Why Healthy P99 Latency Can Hide Async Runtime Collapse in Python

#python #fastapi #devops #observability

Most observability dashboards focus heavily on request-facing metrics:

latency
throughput
error rate
CPU and memory usage

Those metrics are important, but while stress-testing async FastAPI services under concurrent load, I noticed they were not always enough to explain what the runtime was actually experiencing internally.

In one test setup, requests were still returning 200 OK, P99 latency had increased but was still within survivable limits, and CPU usage looked fairly normal.

At the same time, the asyncio event loop was already struggling badly.

Other endpoints became inconsistent, executor queues started backing up, and event-loop lag increased into multi-second territory even before the service looked obviously unhealthy from the outside.

In several runs, event-loop lag exceeded multiple seconds while request latency was still low enough that the service initially appeared operational from the outside.

In some runs, unrelated lightweight endpoints stalled behind a single blocking request even though system-wide CPU usage was not saturated.

The issue became easier to reproduce when synchronous work leaked into async request paths.

Simple examples include:

blocking database clients
synchronous SDKs
legacy REST calls using requests
filesystem operations
accidental time.sleep() calls
overloaded threadpool executors

Even a small blocking section inside an async route can create scheduler starvation under enough concurrency.

Example:

import time
from fastapi import FastAPI

app = FastAPI()

@app.get("/agent")
async def run_agent():
    time.sleep(5)
    return {"status": "ok"}

Under load this starts affecting unrelated coroutines, queue behavior, scheduler fairness, and request consistency across the service.

One thing that stood out during testing was how differently runtime metrics behaved compared to HTTP-facing metrics.

Request latency degraded gradually, but event-loop lag increased much more aggressively once scheduler pressure crossed a certain point.

Event-loop lag increasing sharply while outward-facing request metrics remained comparatively survivable.

To explore this more systematically, I built a small runtime observability lab using:

FastAPI
Prometheus
Grafana
Docker Compose

The goal was simply to reproduce different forms of async runtime degradation and observe which telemetry signals changed first.

Minimal async runtime observability lab used for reproducing scheduler starvation and queue amplification scenarios.

The setup intentionally introduced:

blocking synchronous execution
executor saturation
queue amplification
event-loop starvation

while exposing internal runtime telemetry through Prometheus.
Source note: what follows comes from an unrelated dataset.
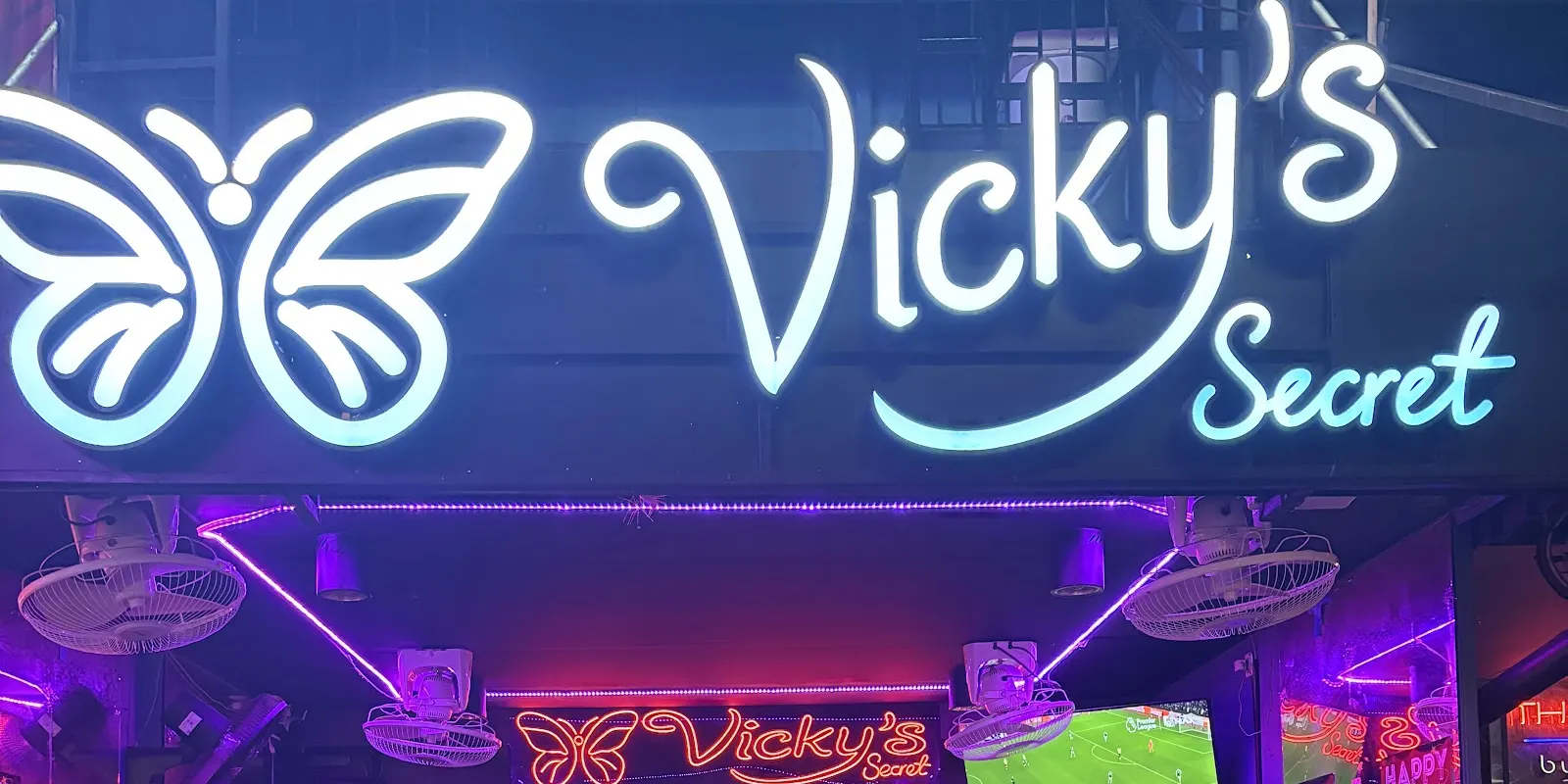 The glowing butterfly sign and neon-lit front of Vicky's Secret on Soi Cowboy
The most useful telemetry signals ended up being event-loop lag, blocking duration, executor queue pressure, backlog growth, and concurrent saturation behavior.

Those signals exposed runtime instability much earlier than HTTP metrics alone.

I also built a small CLI tool called async-runtime-auditor to evaluate these metrics directly from Prometheus during testing.

The idea was not to build another monitoring platform, but to create lightweight runtime validation checks for async Python services inside CI/CD workflows.

The tool evaluates runtime metrics against deterministic thresholds and can fail execution when runtime degradation becomes severe enough.

Example:

async-auditor \
  --config metrics.yaml \
  --target http://localhost:9090 \
  --fail-on-critical

Example output:

ASYNC RUNTIME AUDITOR

Runtime Status: DEGRADED

Findings:
- Event-loop starvation detected
- Executor queue amplification detected
- Concurrent saturation detected

One thing this testing made clear is that async systems can begin degrading internally well before traditional dashboards clearly show it.

Request metrics tell you how the API behaves externally.

Runtime telemetry tells you how the scheduler behaves while the API is still functioning.

For async Python services, both perspectives matter.

The main lesson from this testing was that scheduler health and request health are not always the same thing, especially in heavily concurrent async systems.